What this task involves:
Give back the records below verbatim, please, but without a single image.

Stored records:
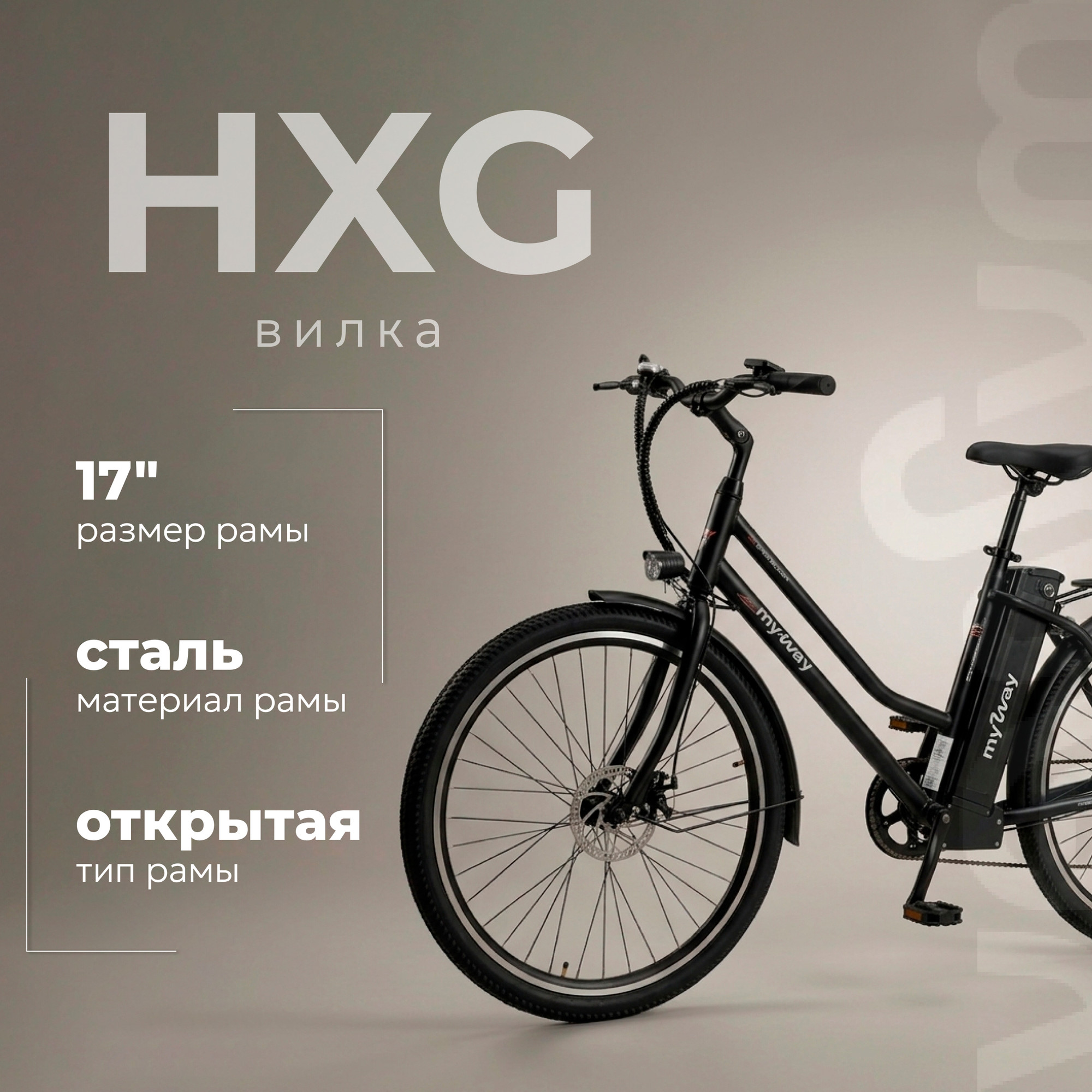 Электровелосипед MyWay Road 350 Max 26 (17, индиго матовый) — фото 4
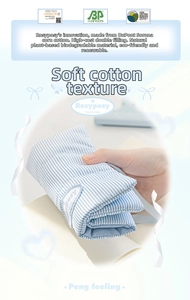 Detail of soft padded notebook cover made with Sorona bio-based corn cotton material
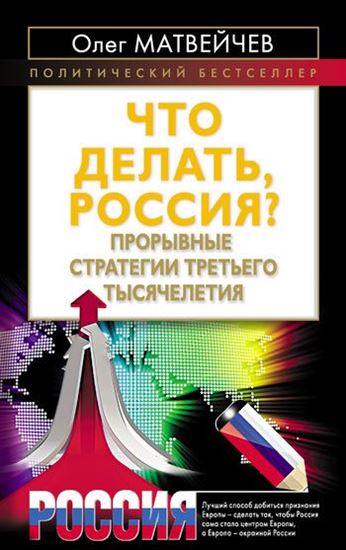 Обложка книги "Что делать, Россия? Прорывные стратегии третьего тысячелетия"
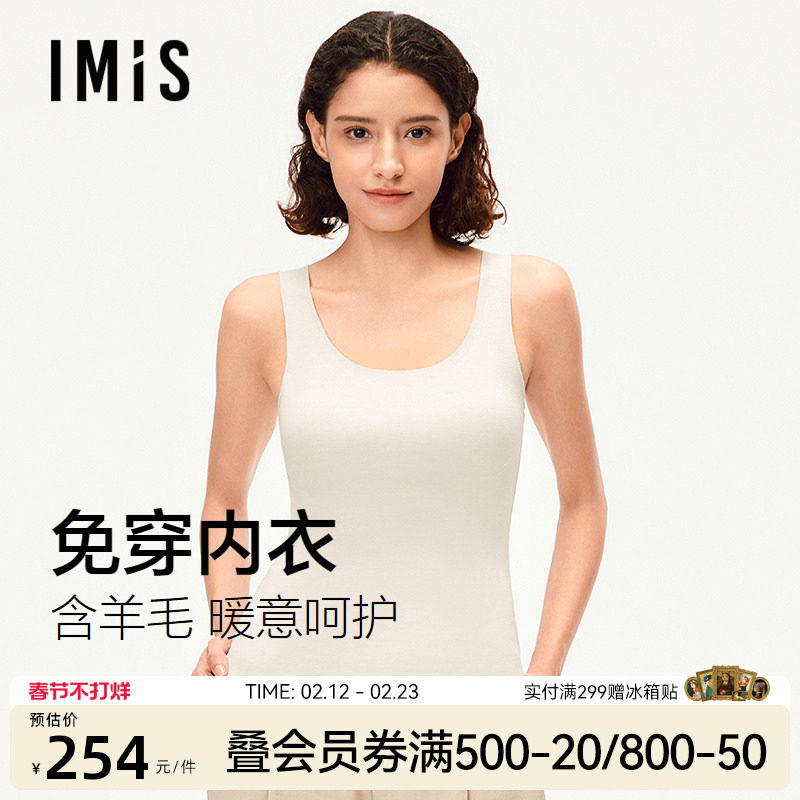 爱美丽磨毛保暖背心秋冬新款含羊毛带胸垫免穿内衣打底防寒内搭女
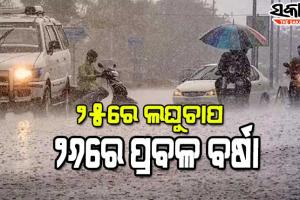 ବଙ୍ଗୋପସାଗରରେ ଦାନା ବାନ୍ଧୁଛି ଆଉ ଏକ ଲଘୁଚାପ, ୨୬ରୁ ରାଜ୍ୟରେ ପ୍ରବଳ ବର୍ଷିବ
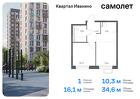 1-к квартира, 34 м², 14/14 эт.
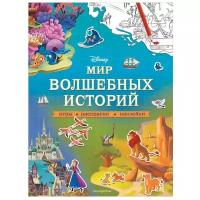 Книжка с наклейками "Disney. Мир волшебных историй. Игры, раскраски, наклейки"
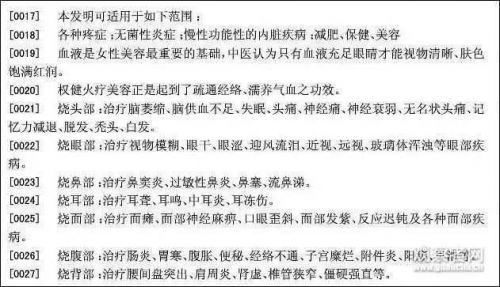 衛(wèi)生巾治前列腺炎？到底多荒謬？丁香醫(yī)生再曝最新錄音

Task output:
 Электровелосипед MyWay Road 350 Max 26 (17, индиго матовый) — фото 4
 Detail of soft padded notebook cover made with Sorona bio-based corn cotton material
 Обложка книги "Что делать, Россия? Прорывные стратегии третьего тысячелетия"
 爱美丽磨毛保暖背心秋冬新款含羊毛带胸垫免穿内衣打底防寒内搭女
 ବଙ୍ଗୋପସାଗରରେ ଦାନା ବାନ୍ଧୁଛି ଆଉ ଏକ ଲଘୁଚାପ, ୨୬ରୁ ରାଜ୍ୟରେ ପ୍ରବଳ ବର୍ଷିବ
 1-к квартира, 34 м², 14/14 эт.
 Книжка с наклейками "Disney. Мир волшебных историй. Игры, раскраски, наклейки"
 衛(wèi)生巾治前列腺炎？到底多荒謬？丁香醫(yī)生再曝最新錄音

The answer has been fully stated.